Search code examples
rubyregexnegative-lookbehind

Why is this negative look behind wrong?


def get_hashtags(post)
    tags = []
    post.scan(/(?<![0-9a-zA-Z])(#+)([a-zA-Z]+)/){|x,y| tags << y}
    tags
end

Test.assert_equals(get_hashtags("two hashs##in middle of word#"), [])
#Expected: [], instead got: ["in"]

Should it not look behind to see if the match doesnt begin with a word or number? Why is it still accepting 'in' as a valid match?


Solution

  • You should use \K rather than a negative lookbehind. That allows you to simplify your regex considerably: no need for a pre-defined array, capture groups or a block.
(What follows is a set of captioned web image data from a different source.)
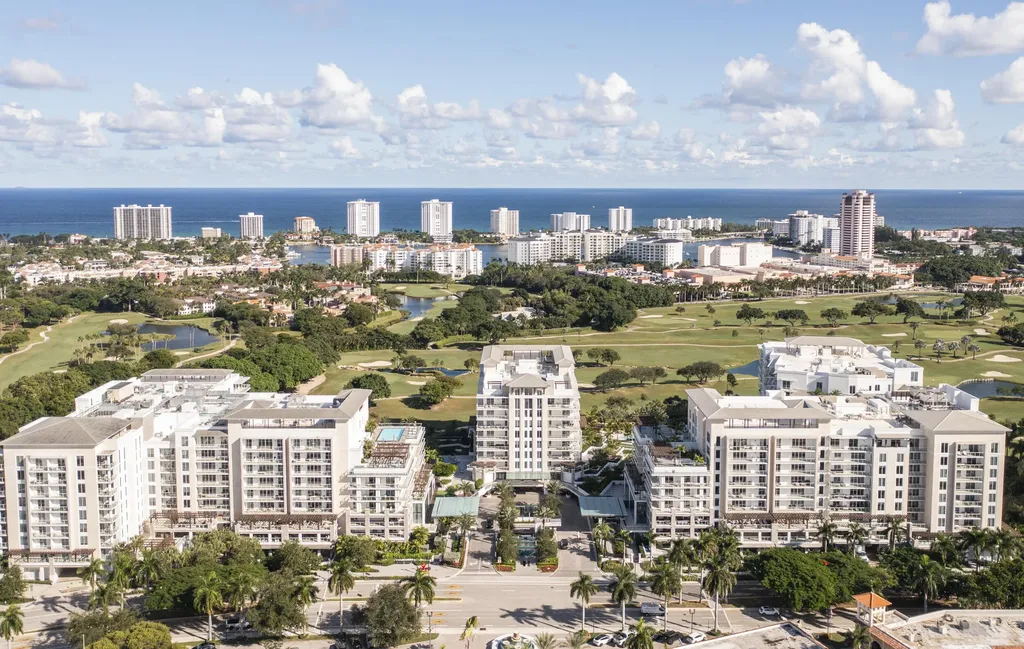 220 Se Mizner Boulevard Boca Raton FL 33432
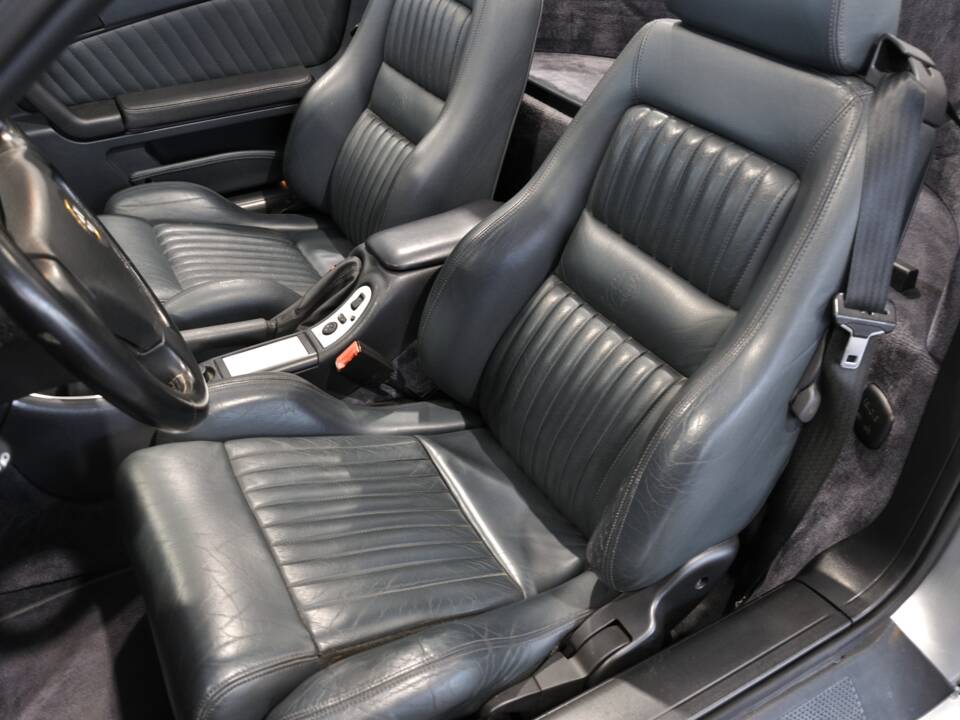 Image 18/32 of Alfa Romeo Spider 3.0 V6 24V (2002)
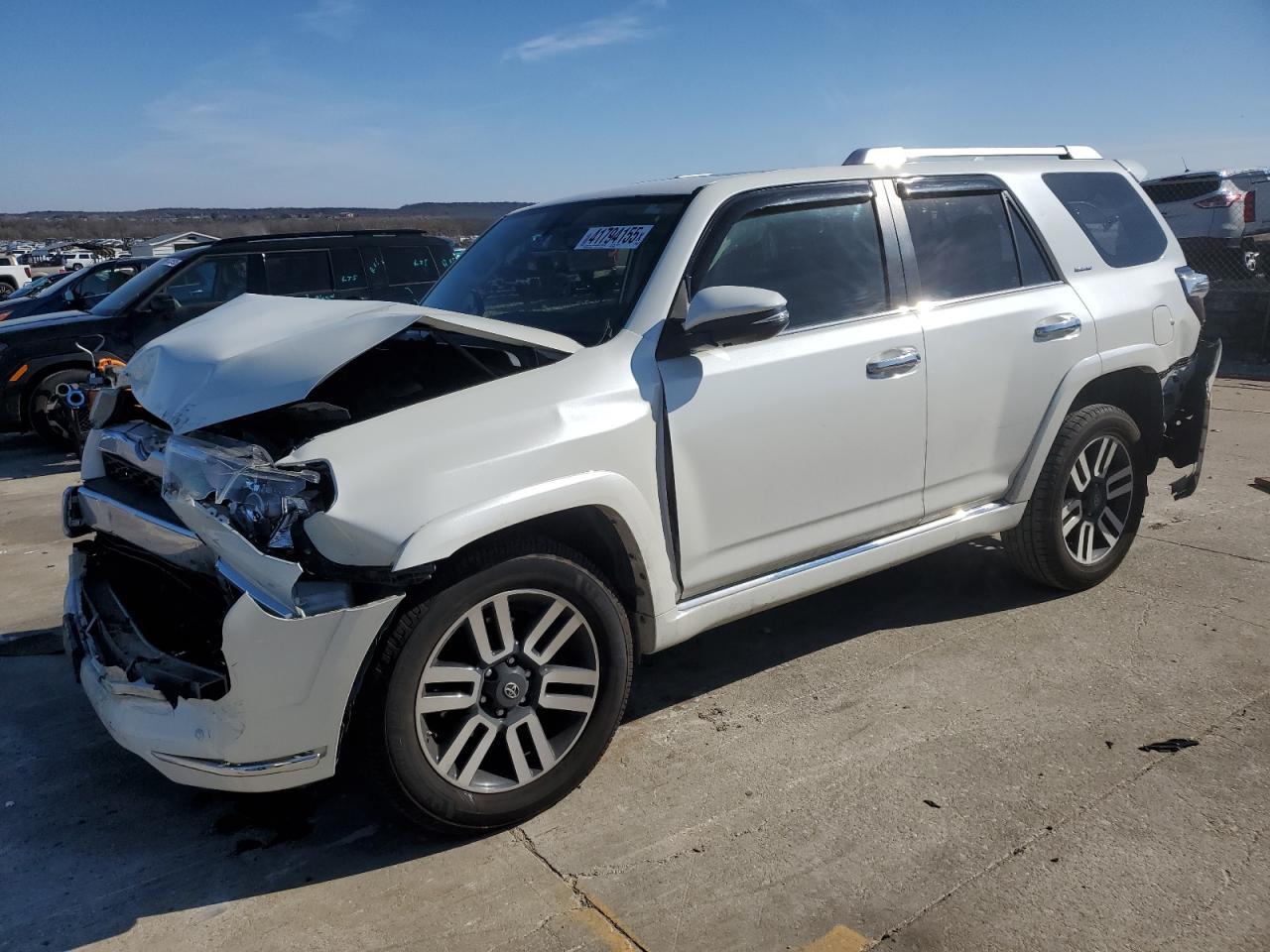2019 TOYOTA 4RUNNER SR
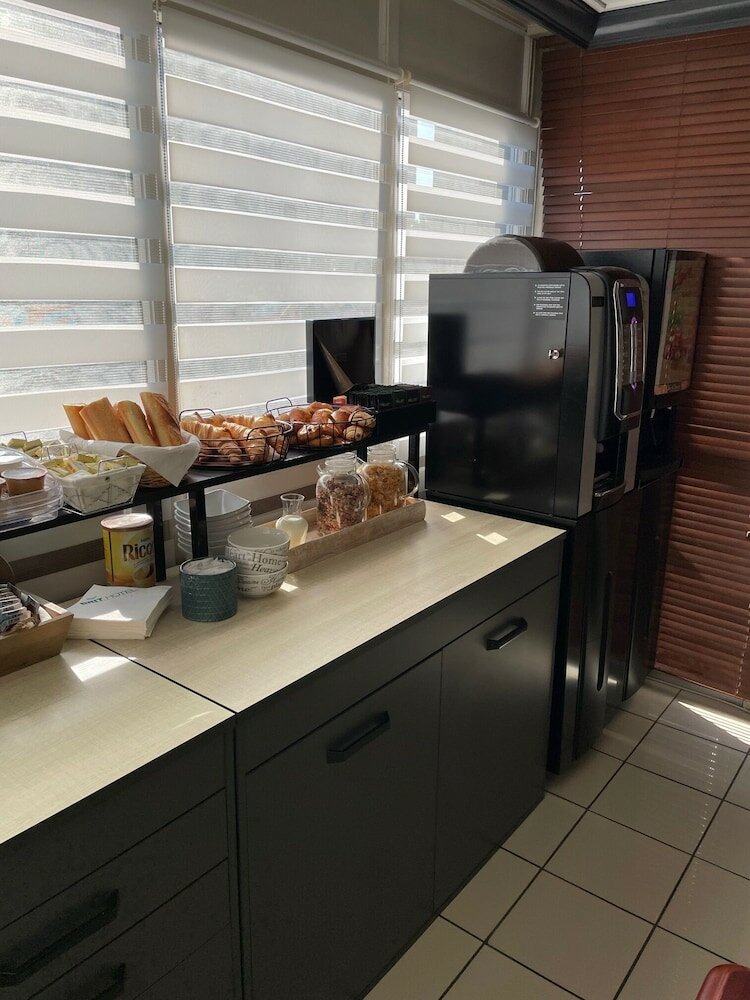 Фото Brit Hotel Cherbourg Octeville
    \K means "discard everything matched so far". The key here is that variable-length matches can precede \K, whereas (in Ruby and most other languages) variable-length matches are not permitted in (negative or positive) lookbehinds.

    r = /
        [^0-9a-zA-Z#] # do not match any character in the character class
        \#+           # match one or more pound signs
        \K            # discard everything matched so far
        [a-zA-Z]+     # match one or more letters
        /x            # extended mode
    

    Note # in \#+ need not be escaped if I weren't writing the regex in extended mode.

    "two hashs##in middle of word#".scan r
      #=> []
    
    "two hashs&#in middle of word#".scan r
      #=> ["in"]
    
    "two hashs#in middle of word&#abc of another word.###def ".scan r
       #=> ["abc", "def"]